Hey all, based on our discussions, I've started a document for housing agent evaluations and debating concerns for logging/telemetry agents.
A basic summary on our experiences with logging agents: * fluentd: Too slow, couldn't handle our volume at any reasonable resource usage * fluentbit: Buggy. They've since fixed their broken JSON handling but there's probably other issues * filebeat: Doesn't handle rotation and deletion properly All but filebeat also had the issue where it would buffer internally if its sink went down, rather than backpressuring to its source. ie. if you're reading from a file, but you can't send the data right now, you read from the file and put it in a new file instead of just...waiting before reading more from the file IMO agents should be as simple as possible and do the bare minimum to get the data off the node into somewhere more robust (eg. message queue). Then any transforms or extra cross-referencing should be a seperate processing step.

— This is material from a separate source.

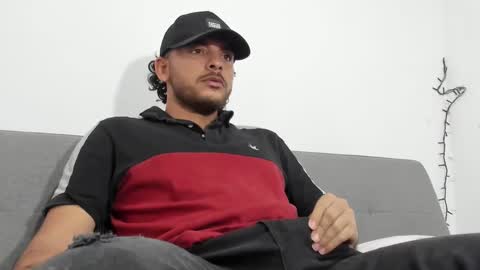 Snapshot of favid95 chatting on 03-03-25, 09:15 favid95 online show from 03-03-25, 09:15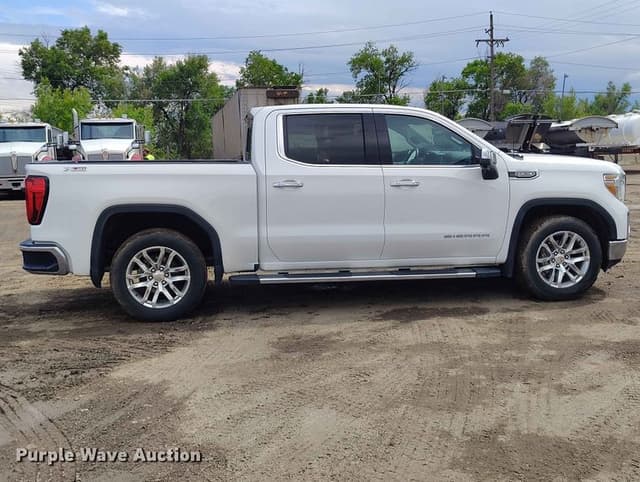 Image of GMC Sierra 1500 equipment image 3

@tsloughter that reflects our evaluations as well. By the way, Brian Troutwine (creator of cernan) has been advising us on Vector. I'm not sure if you worked with him at Postmates:
- fluentbit: Buggy. They've since fixed their broken JSON handling but there's probably other issues
The JSON issues! For a little bit of context, and to not repeat it here, see:
Fluentbit reached 1.1 with those issues 👀.
That was fixed quite a while ago, so I suspect this experience is a bit old
@PettitWesley we are still able to produce JSON parsing issues, but I agree, the major ones are fixed!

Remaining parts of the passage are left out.